Am Main entlang - erste Runde, die Magenschmerzen machen eine Pause.


An der ersten Versorgungsstelle ließ ich mir Eis und Salz und Cola reichen und lief zunächst noch locker dem ersten Wendepunkt entgegen. Ich wollte meiner ursprünglichen Strategie treu bleiben und die ersten 5 Km locker joggen bevor ich mein eigentliches Renntempo anschlug. Mein Magen zwickte immer noch aber nicht mehr so schlimm.

Ab Kilometer 5 versuchte ich mein geplantes Tempo zu laufen ohne zu überhitzen.

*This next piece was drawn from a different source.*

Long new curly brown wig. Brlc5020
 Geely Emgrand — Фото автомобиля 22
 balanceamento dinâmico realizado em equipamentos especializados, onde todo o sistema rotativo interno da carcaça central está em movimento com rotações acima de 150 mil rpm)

Es lief ganz passabel. Wird zwar keine Bestzeit dachte ich, aber trotzdem würde ich zügig vorankommen.

Die Runden verflogen. Ich freute mich auf jeder Runde meine Familie zu treffen. Das spornte mich zusätzlich an.

Nach 03:45h für den Marathon bog ich nach insgesamt 10:45h auf den Römer ein. Ich war mit meiner Zeit nicht zufrieden. Trotzdem empfand ich Stolz, mich wieder einmal selbst überwunden zu haben.
Finishline am Römer! Spektakulär!


Im Ziel empfing mich meine ganze Familie und wir feierten gemeinsam meine Leistung. Ich bin sehr dankbar und glücklich darüber, dass ich so ein tolles Umfeld habe und ich diesen grandiosen Sport ausüben darf.

Jetzt Samstagabend spiele ich mit den Gedanken mich für 2019 wieder in Frankfurt anzumelden.